One Remarkable Tree’s Life

By Lana V LynxPublished 4 years ago Updated 4 years ago 7 min read
Pear at Its Best

A big beautiful spreading pear proudly stood in the middle of the family backyard. It was not the only fruit tree there, there were also apple, mulberry and tart cherry trees. It was not the oldest in the family’s little orchard, that would be the two mulberries, but the pear tree was the biggest and obviously the most valuable as it sat right in the center, providing shade for a big part of the backyard. It had been planted by the patriarch of the family, a father of two girls at the time, in 1951, to celebrate finishing the construction of the main house on his little farm. In more than 40 years of its existence, the pear tree saw a lot of the family life and the way the village changed.

The pear was growing together with the younger girl of the family, a tomboy who liked playing with the neighborhood boys and get herself into a lot of mischief. She loved climbing the old mulberry tree where she would sit for hours, eating the sweet juicy berries until her tummy started to hurt. The girl also liked talking to the young tree and called it Pear, which quite accidentally was a female name in her native language. If only the girl knew that Pear could hear and understand her! The girl attempted to climb Pear when no one could see her, as if trying out the tree’s agility and viability. However, Pear was too young to hold the girl’s weight and once when caught, the girl took a lot of scolding from her mother. “I’m not going to put your bones back together when you fall and break them! And that poor little tree will break as well!” the mother yelled, carrying her big belly around. She had two more sons, when the girl was about 10 and 15.

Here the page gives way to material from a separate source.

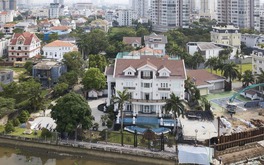 'Ông vua hàng hiệu' sở hữu biệt thự 3 mặt tiền ven sông Sài Gòn: Rộng 500m2, từng khiến truyền thông nước bạn choáng ngợp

Pear was so healthy and robust that already in the third spring it bore fruit: small perfectly shaped sweet juicy pears, yellow and red when ripe. They grew in clusters on the branches’ ends, making them heavy and easier to pick because the branches were willowing down under the fruit’s weight. As the father of the family took care of the fruit trees by whitewashing their trunks at the base and spraying them with something in early spring that killed the bugs and worms, the fruits were almost never rotten or wormed from inside. The kids were delighted to pick them and then help their mother to cut them into slices for jams and dried fruit to eat in the winter. Their favorite was the fruit paste that the mother made by combining ground apples and pears, rolling them into thin rounds, drying them and then rolling them into tubes. Sweet and chewy joy!

With every year that the pear grew it produced more and more fruit, and the family was happy to pick them, preserve them in different ways and share them with neighbors. When the tree turned 20, the younger daughter, who was a beautiful young woman now, brought home her own little daughter, a fussy and crying little creature. They stayed for several months until it became warm in the spring and went back to the city where the woman’s husband was. As she was growing up, the new little girl was sent to her grandparents’ place for the summer break from school. She was the oldest grandchild, and six more came after her almost every two years. The little girl was just as mischievous and crafty as her mother was, and Pear was happy that it could now provide the climbing rescue for her. Just like her mother, the girl could sit in the tree for hours, eating the fruit and chatting with Pear. She was quite a story teller, that little girl, with vivid imagination and an ability to weave a tale about anything she looked at: the Sun, clouds, trees, plants, birds and animals, giving them all voice and soul. Pear was surprised by how perceptive the little girl was and wished it could talk back to her.

One year, when the little girl was about eight, Pear decided to take a break from fruit-bearing. It bloomed in the spring as usual, but the flowers did not turn into fruit. “Barren bloom,” the grandmother explained to the little girl, “It happens sometimes. Everyone, even trees, needs some rest.” The family greatly missed the pears that year but decided they couldn’t do anything about it and were content with having the cherries, apples and mulberries. They also had a lot of raspberries that the little girl was happy to pick.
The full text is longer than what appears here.